Rosalind Ayres (born 7 December 1946) is an English actress, director and producer.  Active since 1970, Ayres is well known for her role in the 1997 film Titanic, in which she played Lucy, Lady Duff-Gordon. Her husband, Martin Jarvis, played Sir Cosmo Duff-Gordon in the film.

Biography
Ayres has appeared in numerous films and television series, including regular performances in Armchair Thriller, Penmarric, Play for Today, The Bounder, Father's Day and Trevor's World of Sport. She has acted in and directed numerous audio plays for L.A. Theatre Works and Hollywood Theater of the Ear.

Ayres appeared on the BBC One semi-improvised sitcom Outnumbered as Gran in series 3 (2010) for the episodes "The Family Outing" and "The Internet". She returned as Gran in the first episode of series four (2011) named "The Funeral". Ayres also appeared in the Christmas special in 2012.

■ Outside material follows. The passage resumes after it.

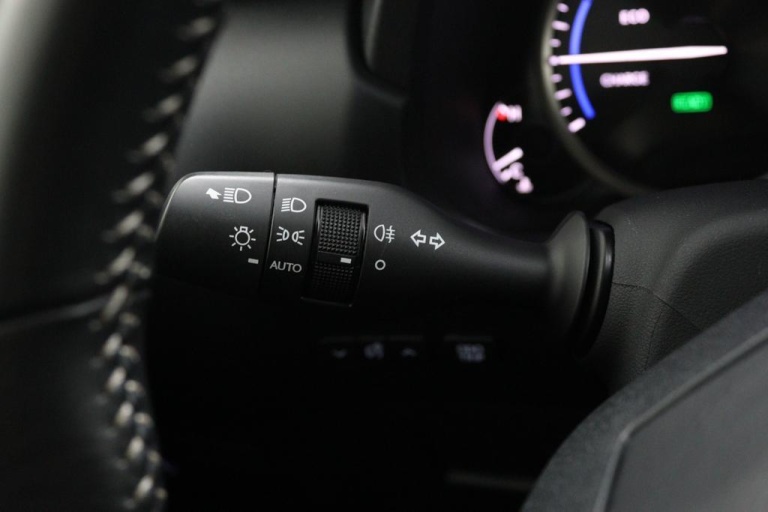 Lexus NX - 300h AWD 25th Edition 28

In addition to her film and television work, in 2011, Ayres provided voice and motion capture work for Katherine Marlowe, the main antagonist of the video game Uncharted 3: Drake's Deception, opposite Nolan North, Richard McGonagle and Graham McTavish. Together with her husband, Ayres runs the radio production company "Jarvis & Ayres Productions", producing and directing plays and serials for BBC Radio 4.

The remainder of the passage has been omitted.